* **Work to be completed**: In the entries below, find the line with "60 stk. hjerteformede" and the line with "AIDA Single Pole". Print those two and everything between them exactly, and nothing else.

* **Extracted records**:
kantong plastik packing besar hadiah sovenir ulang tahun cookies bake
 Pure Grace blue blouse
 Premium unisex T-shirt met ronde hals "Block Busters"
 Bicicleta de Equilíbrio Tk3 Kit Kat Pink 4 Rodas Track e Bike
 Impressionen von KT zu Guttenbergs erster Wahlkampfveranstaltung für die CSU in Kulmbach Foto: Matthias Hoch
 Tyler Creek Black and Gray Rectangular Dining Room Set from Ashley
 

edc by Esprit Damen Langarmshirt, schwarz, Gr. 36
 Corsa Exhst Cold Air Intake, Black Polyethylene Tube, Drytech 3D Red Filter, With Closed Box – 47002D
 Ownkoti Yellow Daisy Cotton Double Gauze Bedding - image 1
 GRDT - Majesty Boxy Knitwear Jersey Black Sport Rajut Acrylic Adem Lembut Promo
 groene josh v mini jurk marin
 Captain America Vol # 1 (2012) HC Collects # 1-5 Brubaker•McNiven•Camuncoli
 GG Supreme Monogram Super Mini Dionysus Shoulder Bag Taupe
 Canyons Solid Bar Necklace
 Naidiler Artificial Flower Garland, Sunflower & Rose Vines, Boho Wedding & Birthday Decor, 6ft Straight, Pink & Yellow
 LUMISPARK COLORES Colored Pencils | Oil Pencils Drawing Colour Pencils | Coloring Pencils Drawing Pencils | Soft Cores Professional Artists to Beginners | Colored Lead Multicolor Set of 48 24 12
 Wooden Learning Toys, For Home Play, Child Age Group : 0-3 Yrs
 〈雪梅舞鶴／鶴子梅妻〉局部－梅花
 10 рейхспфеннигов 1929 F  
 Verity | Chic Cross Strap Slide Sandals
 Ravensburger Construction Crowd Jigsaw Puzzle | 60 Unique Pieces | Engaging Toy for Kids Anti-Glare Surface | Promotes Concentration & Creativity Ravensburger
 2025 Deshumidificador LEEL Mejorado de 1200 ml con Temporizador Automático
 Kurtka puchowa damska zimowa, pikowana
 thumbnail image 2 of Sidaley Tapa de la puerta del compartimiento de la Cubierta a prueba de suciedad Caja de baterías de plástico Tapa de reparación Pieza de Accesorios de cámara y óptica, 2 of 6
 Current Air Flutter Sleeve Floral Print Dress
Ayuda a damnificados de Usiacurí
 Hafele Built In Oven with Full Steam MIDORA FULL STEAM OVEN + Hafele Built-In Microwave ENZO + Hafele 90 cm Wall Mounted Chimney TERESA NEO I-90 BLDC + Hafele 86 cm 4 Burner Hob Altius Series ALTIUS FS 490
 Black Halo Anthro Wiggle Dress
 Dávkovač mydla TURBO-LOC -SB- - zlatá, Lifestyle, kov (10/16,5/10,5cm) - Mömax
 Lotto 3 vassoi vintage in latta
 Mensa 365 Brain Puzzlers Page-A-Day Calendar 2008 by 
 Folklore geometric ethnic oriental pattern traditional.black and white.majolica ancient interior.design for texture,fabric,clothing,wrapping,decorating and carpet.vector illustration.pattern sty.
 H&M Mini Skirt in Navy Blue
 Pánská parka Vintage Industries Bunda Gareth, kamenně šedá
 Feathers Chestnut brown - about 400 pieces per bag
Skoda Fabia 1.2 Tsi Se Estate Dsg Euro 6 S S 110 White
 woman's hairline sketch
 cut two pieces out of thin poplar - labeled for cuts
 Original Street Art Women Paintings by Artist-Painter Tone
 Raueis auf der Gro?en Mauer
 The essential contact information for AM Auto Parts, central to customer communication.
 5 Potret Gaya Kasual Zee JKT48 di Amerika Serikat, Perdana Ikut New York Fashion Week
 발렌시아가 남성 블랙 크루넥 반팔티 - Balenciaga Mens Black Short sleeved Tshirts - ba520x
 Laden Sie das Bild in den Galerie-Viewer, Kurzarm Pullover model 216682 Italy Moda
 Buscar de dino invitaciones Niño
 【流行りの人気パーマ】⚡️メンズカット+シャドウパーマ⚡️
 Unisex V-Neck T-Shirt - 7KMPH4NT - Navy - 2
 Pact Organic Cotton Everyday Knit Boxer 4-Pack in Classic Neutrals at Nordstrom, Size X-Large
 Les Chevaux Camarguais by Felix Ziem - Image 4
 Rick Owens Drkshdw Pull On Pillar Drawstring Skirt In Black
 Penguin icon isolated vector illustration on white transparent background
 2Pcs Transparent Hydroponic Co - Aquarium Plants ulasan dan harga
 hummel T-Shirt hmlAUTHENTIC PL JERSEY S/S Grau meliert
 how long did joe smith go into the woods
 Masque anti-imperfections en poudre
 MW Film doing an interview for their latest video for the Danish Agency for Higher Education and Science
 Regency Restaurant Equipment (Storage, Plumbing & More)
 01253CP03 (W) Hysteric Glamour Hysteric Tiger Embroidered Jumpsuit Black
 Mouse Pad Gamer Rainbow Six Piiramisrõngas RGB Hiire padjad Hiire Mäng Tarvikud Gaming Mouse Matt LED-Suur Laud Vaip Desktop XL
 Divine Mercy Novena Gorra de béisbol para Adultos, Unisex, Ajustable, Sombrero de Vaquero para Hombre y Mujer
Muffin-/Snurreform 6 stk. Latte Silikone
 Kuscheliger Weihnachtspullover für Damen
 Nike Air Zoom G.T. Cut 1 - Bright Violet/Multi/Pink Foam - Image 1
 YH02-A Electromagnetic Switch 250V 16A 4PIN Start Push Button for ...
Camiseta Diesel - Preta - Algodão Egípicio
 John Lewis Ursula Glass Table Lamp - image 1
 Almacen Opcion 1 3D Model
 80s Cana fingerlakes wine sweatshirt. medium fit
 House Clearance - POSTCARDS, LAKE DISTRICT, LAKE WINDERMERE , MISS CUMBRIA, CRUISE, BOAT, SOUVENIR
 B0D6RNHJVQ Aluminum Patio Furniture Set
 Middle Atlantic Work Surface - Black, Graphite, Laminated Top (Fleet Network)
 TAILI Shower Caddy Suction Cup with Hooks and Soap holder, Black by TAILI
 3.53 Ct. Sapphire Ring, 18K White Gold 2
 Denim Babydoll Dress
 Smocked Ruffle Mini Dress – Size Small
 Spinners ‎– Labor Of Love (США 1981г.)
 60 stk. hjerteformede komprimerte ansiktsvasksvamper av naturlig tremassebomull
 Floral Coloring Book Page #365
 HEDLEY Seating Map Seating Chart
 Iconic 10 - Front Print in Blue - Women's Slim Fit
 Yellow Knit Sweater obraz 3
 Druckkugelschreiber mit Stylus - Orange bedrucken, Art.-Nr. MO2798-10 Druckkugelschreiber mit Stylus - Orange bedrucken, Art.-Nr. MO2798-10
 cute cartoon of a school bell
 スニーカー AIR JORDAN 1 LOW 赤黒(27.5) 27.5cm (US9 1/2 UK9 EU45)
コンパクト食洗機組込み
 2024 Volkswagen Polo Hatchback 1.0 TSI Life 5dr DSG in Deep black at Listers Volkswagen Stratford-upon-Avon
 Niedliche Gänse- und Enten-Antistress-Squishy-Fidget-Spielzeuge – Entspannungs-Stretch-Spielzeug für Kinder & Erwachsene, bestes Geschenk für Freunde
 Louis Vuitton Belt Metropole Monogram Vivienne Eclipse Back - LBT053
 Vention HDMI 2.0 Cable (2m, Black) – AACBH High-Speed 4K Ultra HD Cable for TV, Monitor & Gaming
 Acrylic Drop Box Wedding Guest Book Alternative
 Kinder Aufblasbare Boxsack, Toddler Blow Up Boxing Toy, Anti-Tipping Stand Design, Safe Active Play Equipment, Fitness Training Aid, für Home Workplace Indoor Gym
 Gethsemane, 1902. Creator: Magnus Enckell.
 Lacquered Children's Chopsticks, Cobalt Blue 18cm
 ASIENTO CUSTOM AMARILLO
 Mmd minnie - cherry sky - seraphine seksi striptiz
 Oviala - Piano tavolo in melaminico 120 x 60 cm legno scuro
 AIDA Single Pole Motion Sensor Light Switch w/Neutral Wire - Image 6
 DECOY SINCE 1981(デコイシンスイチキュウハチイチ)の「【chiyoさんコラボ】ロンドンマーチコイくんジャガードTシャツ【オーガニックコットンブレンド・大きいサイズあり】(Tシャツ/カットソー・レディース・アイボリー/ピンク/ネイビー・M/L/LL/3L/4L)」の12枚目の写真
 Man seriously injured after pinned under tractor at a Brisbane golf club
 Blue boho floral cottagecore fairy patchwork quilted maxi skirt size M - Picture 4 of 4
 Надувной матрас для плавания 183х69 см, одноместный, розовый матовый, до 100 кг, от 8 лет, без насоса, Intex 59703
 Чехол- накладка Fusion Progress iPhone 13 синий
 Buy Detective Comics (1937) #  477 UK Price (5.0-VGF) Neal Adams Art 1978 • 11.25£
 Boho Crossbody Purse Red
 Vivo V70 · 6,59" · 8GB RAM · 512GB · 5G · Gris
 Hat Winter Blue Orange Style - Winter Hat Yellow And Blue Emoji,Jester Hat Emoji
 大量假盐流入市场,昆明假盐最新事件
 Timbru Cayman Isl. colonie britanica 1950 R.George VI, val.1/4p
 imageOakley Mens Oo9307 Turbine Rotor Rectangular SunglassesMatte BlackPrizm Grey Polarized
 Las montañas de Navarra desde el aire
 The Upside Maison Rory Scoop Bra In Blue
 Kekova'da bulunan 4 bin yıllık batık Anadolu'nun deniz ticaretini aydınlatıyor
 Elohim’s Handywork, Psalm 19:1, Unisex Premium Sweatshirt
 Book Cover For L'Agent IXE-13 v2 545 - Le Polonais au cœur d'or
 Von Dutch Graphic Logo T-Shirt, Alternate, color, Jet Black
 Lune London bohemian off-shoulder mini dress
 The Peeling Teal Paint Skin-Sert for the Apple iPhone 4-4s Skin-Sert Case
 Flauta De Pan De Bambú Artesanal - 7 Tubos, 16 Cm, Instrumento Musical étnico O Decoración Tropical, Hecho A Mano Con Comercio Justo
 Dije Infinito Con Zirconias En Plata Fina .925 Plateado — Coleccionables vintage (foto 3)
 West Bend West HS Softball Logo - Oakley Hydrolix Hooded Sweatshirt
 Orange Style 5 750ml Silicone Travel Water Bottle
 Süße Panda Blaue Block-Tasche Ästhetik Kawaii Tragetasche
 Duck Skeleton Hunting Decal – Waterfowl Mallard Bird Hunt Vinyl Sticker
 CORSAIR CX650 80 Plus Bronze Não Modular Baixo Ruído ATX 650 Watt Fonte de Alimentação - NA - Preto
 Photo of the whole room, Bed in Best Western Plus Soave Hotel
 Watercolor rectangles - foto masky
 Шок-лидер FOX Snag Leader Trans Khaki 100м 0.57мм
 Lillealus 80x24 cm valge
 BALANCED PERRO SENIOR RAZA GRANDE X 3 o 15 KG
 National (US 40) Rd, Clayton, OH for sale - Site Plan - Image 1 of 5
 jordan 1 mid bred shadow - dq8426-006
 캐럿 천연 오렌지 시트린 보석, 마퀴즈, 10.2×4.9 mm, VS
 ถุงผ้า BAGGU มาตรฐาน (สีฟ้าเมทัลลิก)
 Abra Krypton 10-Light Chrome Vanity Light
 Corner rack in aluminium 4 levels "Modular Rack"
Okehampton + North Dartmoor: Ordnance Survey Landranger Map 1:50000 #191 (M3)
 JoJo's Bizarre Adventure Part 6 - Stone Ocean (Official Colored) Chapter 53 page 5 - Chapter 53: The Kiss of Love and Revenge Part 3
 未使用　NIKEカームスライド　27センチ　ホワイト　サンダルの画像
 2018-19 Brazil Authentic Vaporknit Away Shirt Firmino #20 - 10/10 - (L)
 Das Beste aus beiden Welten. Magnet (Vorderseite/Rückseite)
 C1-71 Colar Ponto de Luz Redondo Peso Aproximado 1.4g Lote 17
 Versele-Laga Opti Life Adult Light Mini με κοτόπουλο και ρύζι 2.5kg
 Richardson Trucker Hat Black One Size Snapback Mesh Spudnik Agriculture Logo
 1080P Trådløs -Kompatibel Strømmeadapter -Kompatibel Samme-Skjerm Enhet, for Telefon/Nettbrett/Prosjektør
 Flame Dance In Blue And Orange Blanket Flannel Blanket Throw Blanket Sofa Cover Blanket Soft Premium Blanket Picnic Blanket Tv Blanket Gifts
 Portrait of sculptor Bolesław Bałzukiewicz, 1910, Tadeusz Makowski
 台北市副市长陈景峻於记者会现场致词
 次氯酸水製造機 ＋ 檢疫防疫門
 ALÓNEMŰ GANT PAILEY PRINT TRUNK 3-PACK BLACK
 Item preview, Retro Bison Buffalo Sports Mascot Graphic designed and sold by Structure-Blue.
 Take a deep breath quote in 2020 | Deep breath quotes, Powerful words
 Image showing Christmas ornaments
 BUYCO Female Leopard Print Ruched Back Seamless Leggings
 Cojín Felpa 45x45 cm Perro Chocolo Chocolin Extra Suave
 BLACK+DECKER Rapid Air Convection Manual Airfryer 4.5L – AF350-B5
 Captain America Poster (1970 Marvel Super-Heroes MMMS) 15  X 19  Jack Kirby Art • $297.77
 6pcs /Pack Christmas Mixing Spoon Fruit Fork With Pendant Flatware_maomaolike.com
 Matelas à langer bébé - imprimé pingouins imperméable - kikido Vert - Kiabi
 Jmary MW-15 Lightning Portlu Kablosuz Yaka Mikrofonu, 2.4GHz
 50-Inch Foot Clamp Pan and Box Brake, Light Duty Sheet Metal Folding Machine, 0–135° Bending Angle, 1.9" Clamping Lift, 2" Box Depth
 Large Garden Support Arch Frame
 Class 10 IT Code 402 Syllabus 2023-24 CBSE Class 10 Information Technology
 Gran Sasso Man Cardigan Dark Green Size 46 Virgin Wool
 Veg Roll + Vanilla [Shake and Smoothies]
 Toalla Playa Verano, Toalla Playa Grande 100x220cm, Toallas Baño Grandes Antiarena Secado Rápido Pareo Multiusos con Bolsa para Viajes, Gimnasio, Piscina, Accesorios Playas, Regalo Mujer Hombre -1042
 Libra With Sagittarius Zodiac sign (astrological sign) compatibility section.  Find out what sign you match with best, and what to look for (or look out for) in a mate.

* **Reply**:
 60 stk. hjerteformede komprimerte ansiktsvasksvamper av naturlig tremassebomull
 Floral Coloring Book Page #365
 HEDLEY Seating Map Seating Chart
 Iconic 10 - Front Print in Blue - Women's Slim Fit
 Yellow Knit Sweater obraz 3
 Druckkugelschreiber mit Stylus - Orange bedrucken, Art.-Nr. MO2798-10 Druckkugelschreiber mit Stylus - Orange bedrucken, Art.-Nr. MO2798-10
 cute cartoon of a school bell
 スニーカー AIR JORDAN 1 LOW 赤黒(27.5) 27.5cm (US9 1/2 UK9 EU45)
コンパクト食洗機組込み
 2024 Volkswagen Polo Hatchback 1.0 TSI Life 5dr DSG in Deep black at Listers Volkswagen Stratford-upon-Avon
 Niedliche Gänse- und Enten-Antistress-Squishy-Fidget-Spielzeuge – Entspannungs-Stretch-Spielzeug für Kinder & Erwachsene, bestes Geschenk für Freunde
 Louis Vuitton Belt Metropole Monogram Vivienne Eclipse Back - LBT053
 Vention HDMI 2.0 Cable (2m, Black) – AACBH High-Speed 4K Ultra HD Cable for TV, Monitor & Gaming
 Acrylic Drop Box Wedding Guest Book Alternative
 Kinder Aufblasbare Boxsack, Toddler Blow Up Boxing Toy, Anti-Tipping Stand Design, Safe Active Play Equipment, Fitness Training Aid, für Home Workplace Indoor Gym
 Gethsemane, 1902. Creator: Magnus Enckell.
 Lacquered Children's Chopsticks, Cobalt Blue 18cm
 ASIENTO CUSTOM AMARILLO
 Mmd minnie - cherry sky - seraphine seksi striptiz
 Oviala - Piano tavolo in melaminico 120 x 60 cm legno scuro
 AIDA Single Pole Motion Sensor Light Switch w/Neutral Wire - Image 6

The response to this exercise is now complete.